··· Records for this task

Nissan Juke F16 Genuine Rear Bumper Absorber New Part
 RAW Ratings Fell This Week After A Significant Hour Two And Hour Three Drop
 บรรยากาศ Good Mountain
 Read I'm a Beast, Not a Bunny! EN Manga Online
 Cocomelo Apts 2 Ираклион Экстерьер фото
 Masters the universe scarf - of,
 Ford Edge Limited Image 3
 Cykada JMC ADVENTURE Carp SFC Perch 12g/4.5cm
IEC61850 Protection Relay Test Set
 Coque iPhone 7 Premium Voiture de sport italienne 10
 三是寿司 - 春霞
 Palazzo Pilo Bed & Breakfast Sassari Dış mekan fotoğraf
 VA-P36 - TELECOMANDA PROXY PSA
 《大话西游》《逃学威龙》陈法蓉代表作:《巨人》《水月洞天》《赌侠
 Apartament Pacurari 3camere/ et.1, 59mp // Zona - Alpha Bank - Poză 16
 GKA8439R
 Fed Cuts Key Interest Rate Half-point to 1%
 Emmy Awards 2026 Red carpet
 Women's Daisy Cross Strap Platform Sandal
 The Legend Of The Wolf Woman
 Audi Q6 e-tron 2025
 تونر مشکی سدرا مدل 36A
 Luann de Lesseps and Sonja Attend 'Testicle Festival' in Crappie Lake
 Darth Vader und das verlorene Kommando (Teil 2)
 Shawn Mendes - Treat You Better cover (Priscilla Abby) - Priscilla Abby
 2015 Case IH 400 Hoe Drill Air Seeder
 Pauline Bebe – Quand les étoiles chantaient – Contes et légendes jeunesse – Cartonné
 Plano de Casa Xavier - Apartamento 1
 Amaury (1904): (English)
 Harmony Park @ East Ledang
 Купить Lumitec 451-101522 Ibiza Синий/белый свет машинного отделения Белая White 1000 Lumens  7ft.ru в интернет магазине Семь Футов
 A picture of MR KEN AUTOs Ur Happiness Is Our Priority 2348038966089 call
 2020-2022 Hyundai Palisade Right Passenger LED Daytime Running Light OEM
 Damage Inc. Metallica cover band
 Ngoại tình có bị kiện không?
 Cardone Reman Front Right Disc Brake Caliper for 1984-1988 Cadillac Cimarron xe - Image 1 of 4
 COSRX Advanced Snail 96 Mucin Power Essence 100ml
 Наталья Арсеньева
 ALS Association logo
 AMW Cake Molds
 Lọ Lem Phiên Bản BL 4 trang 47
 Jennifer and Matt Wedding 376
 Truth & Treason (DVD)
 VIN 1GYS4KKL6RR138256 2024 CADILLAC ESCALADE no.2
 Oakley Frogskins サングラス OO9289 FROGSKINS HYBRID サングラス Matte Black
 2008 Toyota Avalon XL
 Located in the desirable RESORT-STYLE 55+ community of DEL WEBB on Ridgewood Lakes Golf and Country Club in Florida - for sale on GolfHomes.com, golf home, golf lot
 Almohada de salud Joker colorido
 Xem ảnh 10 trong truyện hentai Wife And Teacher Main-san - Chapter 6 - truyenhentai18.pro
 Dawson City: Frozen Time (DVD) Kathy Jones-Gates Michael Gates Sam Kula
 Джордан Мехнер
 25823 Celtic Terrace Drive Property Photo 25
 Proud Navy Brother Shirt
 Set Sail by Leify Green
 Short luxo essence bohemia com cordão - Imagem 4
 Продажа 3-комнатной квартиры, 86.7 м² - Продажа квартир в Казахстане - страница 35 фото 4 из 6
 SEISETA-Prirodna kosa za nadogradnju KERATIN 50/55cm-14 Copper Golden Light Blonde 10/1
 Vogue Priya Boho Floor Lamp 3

······

Work task:
What you give back should be exactly the lines from the one with "Продажа 3-комнатной квартиры, 86.7" through the final line of the listing, and no others.

Answer for this exercise:
 Продажа 3-комнатной квартиры, 86.7 м² - Продажа квартир в Казахстане - страница 35 фото 4 из 6
 SEISETA-Prirodna kosa za nadogradnju KERATIN 50/55cm-14 Copper Golden Light Blonde 10/1
 Vogue Priya Boho Floor Lamp 3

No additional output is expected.